Houston

HoustonDe grootste stad van Texas, Houston, heeft een duizelingwekkende groei doorgemaakt: 610000 inwoners in 1950, 1,3 miljoen in 1970, 2,2 miljoen in 2000. Hetzelfde geldt voor de agglomeratie (Houston, Galveston, Pasádena, Baytown, Clear Lake enz.), die in 2000 meer dan 5,7 miljoen inwoners telde.
Houston werd gesticht in 1836, kort na het eind van de oorlog die de Texanen onafhankelijk van Mexico maakte. De stad werd genoemd naar Sam Houston, een generaal die zich in die strijd onderscheiden had.


Wie Houston vanuit zee wilde bereiken, moest diep doordringen in de wijde Trinity Bay en een moerassige bayou doorkruisen, zodat de stad aanvankelijk niet veel meer dan een simpele katoenen rundveemarkt was, gelegen langs een van de stoffige landroutes die van Mexico naar de Mississippi leidden.

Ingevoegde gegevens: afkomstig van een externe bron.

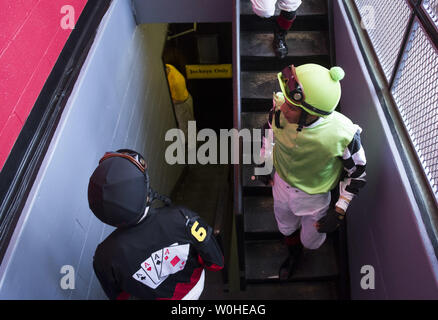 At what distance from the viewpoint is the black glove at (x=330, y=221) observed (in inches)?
102

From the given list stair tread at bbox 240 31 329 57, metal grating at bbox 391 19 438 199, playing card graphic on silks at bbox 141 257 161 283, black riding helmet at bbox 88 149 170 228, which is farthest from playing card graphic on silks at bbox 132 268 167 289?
stair tread at bbox 240 31 329 57

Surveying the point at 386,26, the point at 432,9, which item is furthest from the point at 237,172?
the point at 432,9

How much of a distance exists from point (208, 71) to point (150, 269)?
5122 millimetres

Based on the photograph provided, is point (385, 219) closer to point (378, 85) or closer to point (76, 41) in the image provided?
point (378, 85)

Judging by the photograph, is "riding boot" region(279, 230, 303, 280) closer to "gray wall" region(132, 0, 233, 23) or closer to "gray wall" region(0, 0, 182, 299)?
"gray wall" region(0, 0, 182, 299)

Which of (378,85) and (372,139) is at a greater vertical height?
(378,85)

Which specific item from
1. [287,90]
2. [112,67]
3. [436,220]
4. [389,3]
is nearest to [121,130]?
[112,67]

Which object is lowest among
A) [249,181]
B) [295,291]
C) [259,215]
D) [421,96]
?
[295,291]

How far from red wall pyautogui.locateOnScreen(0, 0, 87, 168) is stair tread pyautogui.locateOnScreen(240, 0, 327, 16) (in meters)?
1.87

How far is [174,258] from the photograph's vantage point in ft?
7.32

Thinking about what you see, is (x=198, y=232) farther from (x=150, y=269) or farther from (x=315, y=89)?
(x=315, y=89)

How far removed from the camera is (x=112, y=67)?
11.2ft

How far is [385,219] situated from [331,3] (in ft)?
7.20

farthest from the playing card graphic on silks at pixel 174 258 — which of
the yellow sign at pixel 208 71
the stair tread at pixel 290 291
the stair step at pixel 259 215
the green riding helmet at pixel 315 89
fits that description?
the yellow sign at pixel 208 71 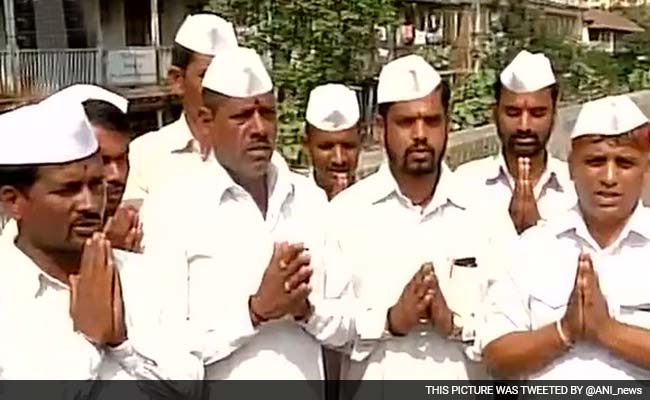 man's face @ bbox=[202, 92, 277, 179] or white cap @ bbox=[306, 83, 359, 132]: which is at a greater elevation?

Op 80 km ten zuidoosten van Houston, langs de brede zandwal die de baai bijna volledig afsluit, had de Franse piraat Jean Lafitte reeds in 1817 vergeefs geprobeerd een ankerplaats te vestigen. De Canadees Michel Menard, die in 1839 een tweede poging ondernam, slaagde er wel in. Galveston werd een oord van vissers en smokkelaars. Nadat een hurricane in 1900 een tol van meer dan 6000 doden had geëist, werd er een machtige dijk aangelegd om het oceaanwater te keren.

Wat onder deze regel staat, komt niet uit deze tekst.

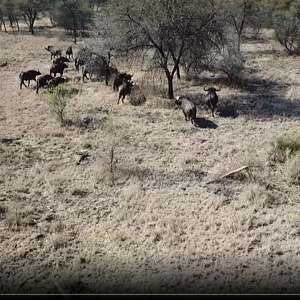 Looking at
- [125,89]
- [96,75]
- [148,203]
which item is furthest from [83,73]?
[148,203]

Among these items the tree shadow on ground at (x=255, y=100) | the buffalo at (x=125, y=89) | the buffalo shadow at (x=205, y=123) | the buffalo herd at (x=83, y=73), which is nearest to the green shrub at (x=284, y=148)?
the buffalo shadow at (x=205, y=123)

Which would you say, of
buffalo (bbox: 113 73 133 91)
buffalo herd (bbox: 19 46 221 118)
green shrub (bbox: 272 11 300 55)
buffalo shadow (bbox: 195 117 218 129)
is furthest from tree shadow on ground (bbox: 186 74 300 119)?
green shrub (bbox: 272 11 300 55)

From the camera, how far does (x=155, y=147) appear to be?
13.6 metres

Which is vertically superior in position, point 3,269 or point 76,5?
point 76,5

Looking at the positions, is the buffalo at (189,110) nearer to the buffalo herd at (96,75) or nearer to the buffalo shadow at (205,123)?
the buffalo herd at (96,75)

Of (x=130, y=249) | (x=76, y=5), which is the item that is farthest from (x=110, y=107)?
(x=76, y=5)

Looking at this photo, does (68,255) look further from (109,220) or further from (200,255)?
(200,255)

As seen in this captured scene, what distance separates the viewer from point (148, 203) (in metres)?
9.51

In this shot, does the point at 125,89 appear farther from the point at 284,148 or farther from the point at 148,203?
the point at 148,203

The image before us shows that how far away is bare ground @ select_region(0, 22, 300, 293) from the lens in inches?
275

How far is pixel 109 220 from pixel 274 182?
4744mm

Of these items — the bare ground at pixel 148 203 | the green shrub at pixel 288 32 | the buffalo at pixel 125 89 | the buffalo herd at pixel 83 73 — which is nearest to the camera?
the bare ground at pixel 148 203

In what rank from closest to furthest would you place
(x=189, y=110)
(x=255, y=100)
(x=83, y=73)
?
(x=189, y=110)
(x=255, y=100)
(x=83, y=73)

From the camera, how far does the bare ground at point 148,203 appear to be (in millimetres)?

De beide steden, die reeds sinds 1858 een spoorwegverbinding hadden, besloten bovendien nog een vaargeul te graven, die in 1905 voltooid werd. Voortaan konden schepen de nauwe doorgang bij Galveston doorsteken en de baai overvaren naar Houston.

Kort daarop begon de koortsachtige run op aardolie: in de omgeving van Houston werden maar liefst 12000 putten aangeboord, zowel op het land als offshore. Olie, aardgas, zwavel en zout vormen de pijlers van de plaatselijke economie. Alle ‘majors’ en de voornaamste ‘independents’ van de olie-industrie zijn vertegenwoordigd. De dertig raffinaderijen langs de vaargeul en langs de binnenkust van de baai tot aan Baytown vormen, samen met de fabrieken van kunstmest, synthetische rubber, plastics en geuren smaakstoffen, de grootste concentratie van olieverwerkende en petrochemische industrieën ter wereld.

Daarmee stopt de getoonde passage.